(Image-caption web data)

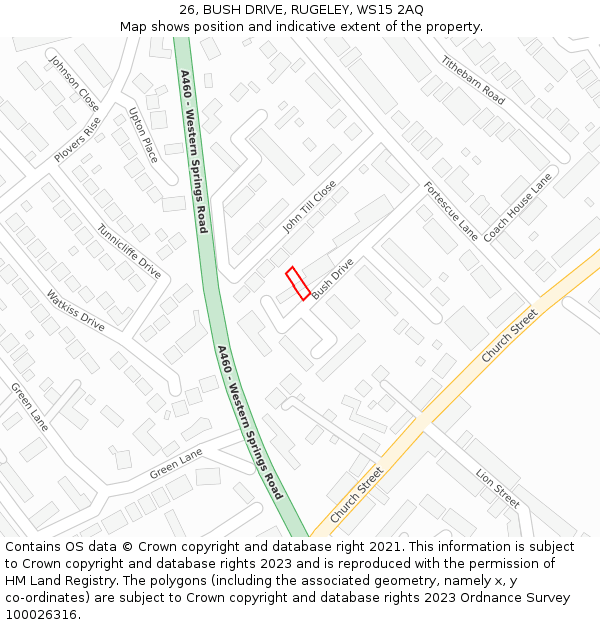 26, BUSH DRIVE, RUGELEY, WS15 2AQ: Location map and indicative extent of plot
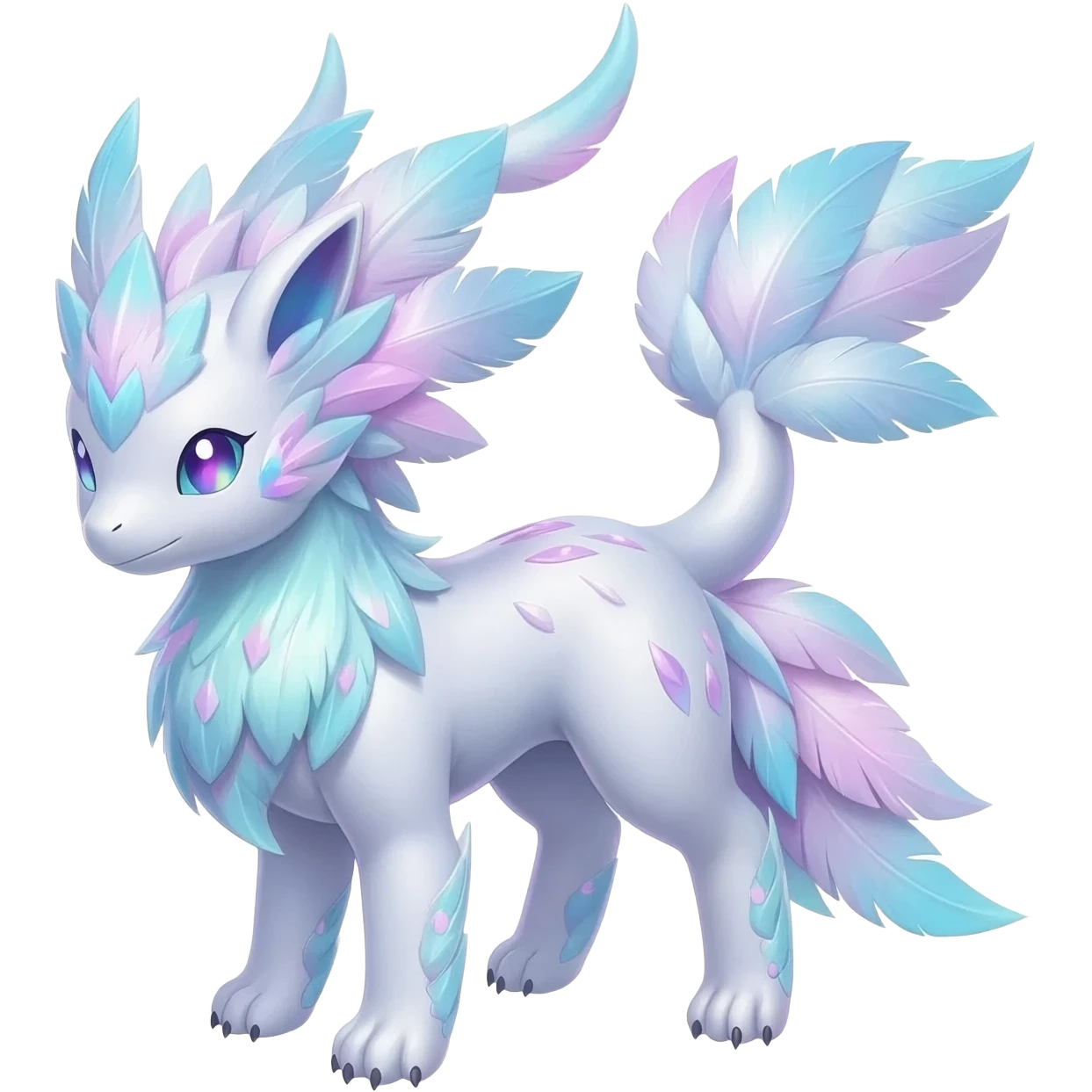 Shiny pastel feathery tropical exotic shimmering silky smooth soft flurry Diancie-Palkia-Amaura-Aurorus-aesthetic-fusion emoji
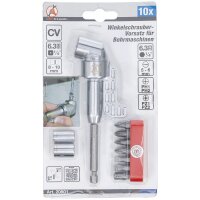 BGS DIY Winkelschrauber-Vorsatz für Bohrmaschinen, 10-tlg.
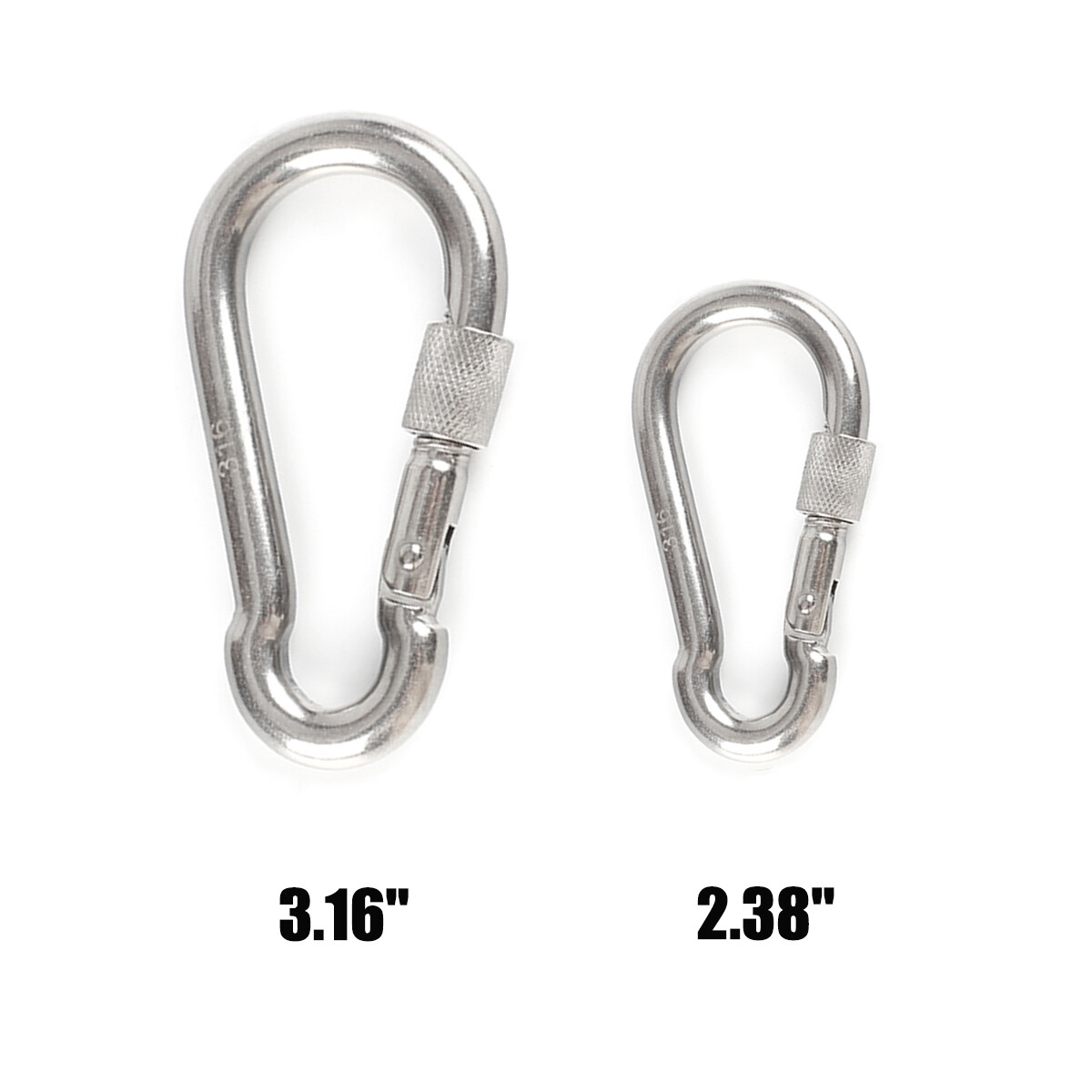 4PCS 3.16" 316 Stainless Steel Carabiner Clips Heavy Duty Lock Snap Spring Hook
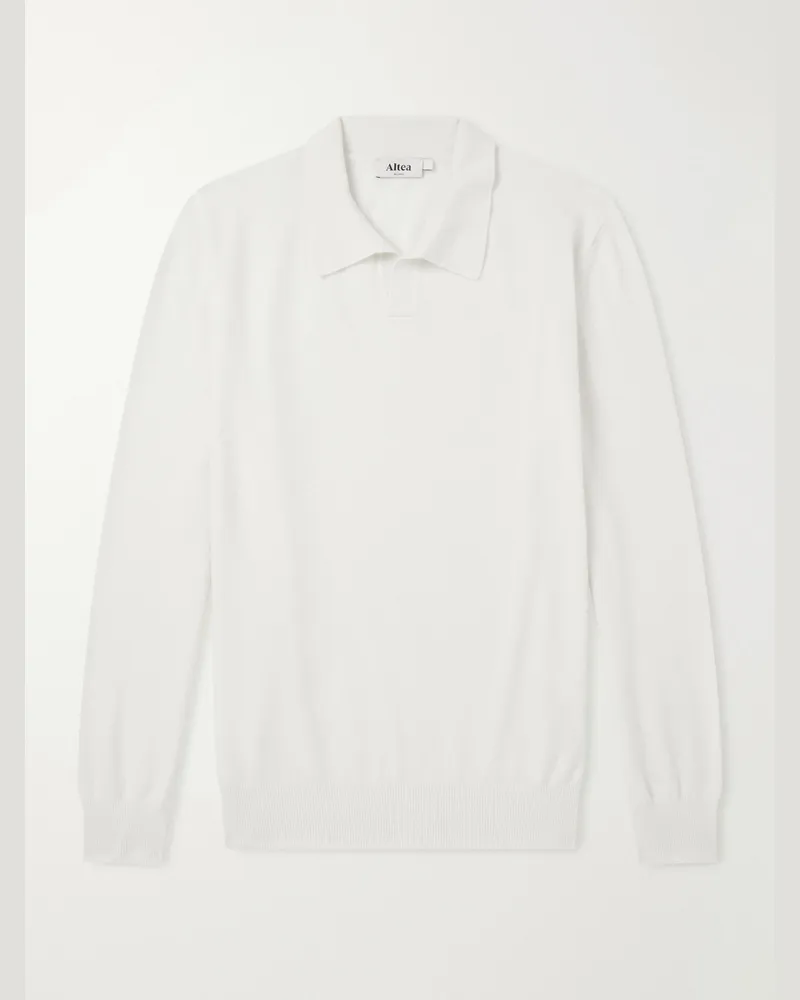 Altea Virgin Wool Polo Sweater Neutrals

Aim of the task:
Set down all the lines above exactly as they appear, with no pictures.

Written response:
 26, BUSH DRIVE, RUGELEY, WS15 2AQ: Location map and indicative extent of plot
 Shiny pastel feathery tropical exotic shimmering silky smooth soft flurry Diancie-Palkia-Amaura-Aurorus-aesthetic-fusion emoji
 BGS DIY Winkelschrauber-Vorsatz für Bohrmaschinen, 10-tlg.
 4PCS 3.16" 316 Stainless Steel Carabiner Clips Heavy Duty Lock Snap Spring Hook
 Altea Virgin Wool Polo Sweater Neutrals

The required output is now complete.